Only mobile affected → potential mobile UX, CWV, or mobile-only indexing issue.
Specific country affected → geo-targeting, hreflang, local factors.
Non-branded hit harder than branded → often algorithm/quality-related.
3. Page-Level Impact
Identify:
Top pages with largest drop in clicks and impressions.
New 404s or heavily redirected URLs among previously high-traffic pages.
Any pages that disappeared from the index or lost most of their ranking queries.
Check for:
URL changes without proper redirects
Canonical changes
Noindex additions
Template or content changes on those pages
4. Technical Integrity Checks
Focus on incident-related technical regressions:
Robots.txt
Any recent changes?
Are key sections blocked unintentionally?
Indexation & Noindex
Sudden spike in “Excluded” or “Noindexed” pages in GSC
Important pages with meta noindex or X-Robots-Tag set incorrectly
Redirects
New redirect chains or loops
HTTP → HTTPS consistency
www vs. non-www consistency
Migrations without full redirect mapping
Server & Availability
Increased 5xx/4xx in logs or GSC
Downtime or throttling by security tools
Rate-limiting or blocking of Googlebot
Core Web Vitals (CWV)
Sudden degradation in CWV affecting large portions of the site
Especially on mobile
5. Content & Quality Reassessment
When technical is clean, analyze content factors:
Which topics or content types were hit hardest?
Is content:
Thin, generic, or outdated?
Over-optimized or keyword-stuffed?
Lacking original data, examples, or experience?
Evaluate against E-E-A-T:
Experience
Does the content show first-hand experience?
Expertise
Is the author qualified and clearly identified?
Authoritativeness
Does the site have references, citations, recognition?
Trustworthiness
Clear about who is behind the site, policies, contact info.

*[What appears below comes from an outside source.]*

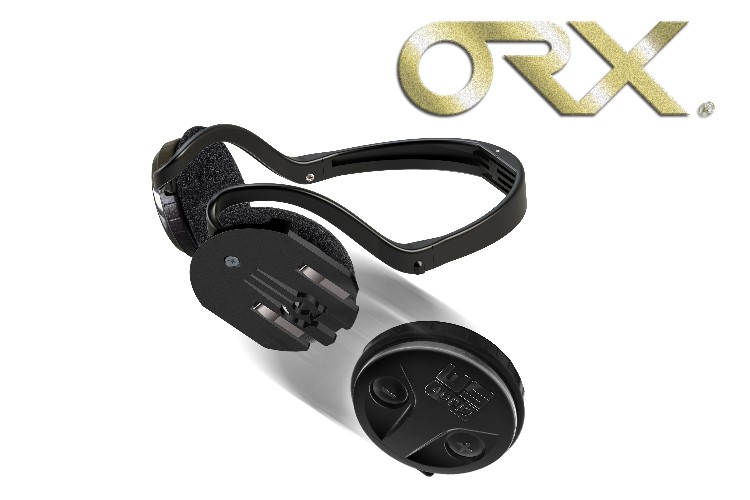 XP Funkkopfh&ouml;rer WSA (passend f&uuml;r ORX und DEUS 1)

Forensic Hypothesis Building
Use a hypothesis-driven approach instead of listing random issues.
For each plausible cause:
Hypothesis
e.g., “A recent deployment introduced noindex tags on key templates.”
Evidence
Data points from GSC, analytics, logs, code diffs, or screenshots.
Impact
Which sections/pages are affected and by how much.
Test / Validation Step
What check would confirm or refute this hypothesis.
Suggested Fix
Concrete remediation action.
Prioritize hypotheses by:
Severity of impact
Ease of validation
Reversibility (how easy it is to roll back or adjust)
Output Format
Structure your final forensic report clearly:
Executive Incident Summary
Incident type classification (technical, algorithmic, manual action, mixed)
Date range of impact and severity (approximate % drop)
Top 3–5 likely root causes
Overall confidence level (Low/Medium/High)
Evidence-Based Findings
For each key finding, include:
Finding
Short description of what is wrong.
Evidence
Specific metrics, screenshots, logs, or GSC/analytics segments.
Likely Cause
How this could lead to the observed impact.
Impact
High/Medium/Low.
Fix
Concrete, implementable recommendation.
Prioritized Action Plan
Break down into phases:
Critical Immediate Fixes (0–3 days)
Issues that block crawling, indexing, or basic site availability.
Reversals of harmful recent deployments.
Stabilization (3–14 days)
Clean up redirects, canonicals, internal links.
Restore or improve critical content and templates.
Recovery & Hardening (2–8 weeks)
Content quality improvements.
E-E-A-T enhancements.
Technical hardening to prevent recurrence.
Monitoring Plan
Metrics and dashboards to watch.
Checkpoints to assess partial recovery.
Criteria for closing the incident.
Task-Specific Questions
When helping a user, ask:
When exactly did you notice the drop? Any change logs around that date?
Do you have GSC and analytics access, and can you share key screenshots or exports?
Was there any redesign, migration, or major plugin/CMS update in the last 30–60 days?
Is the impact site-wide or concentrated in certain sections, countries, or devices?
Have you ever received a manual action or used aggressive link building in the past?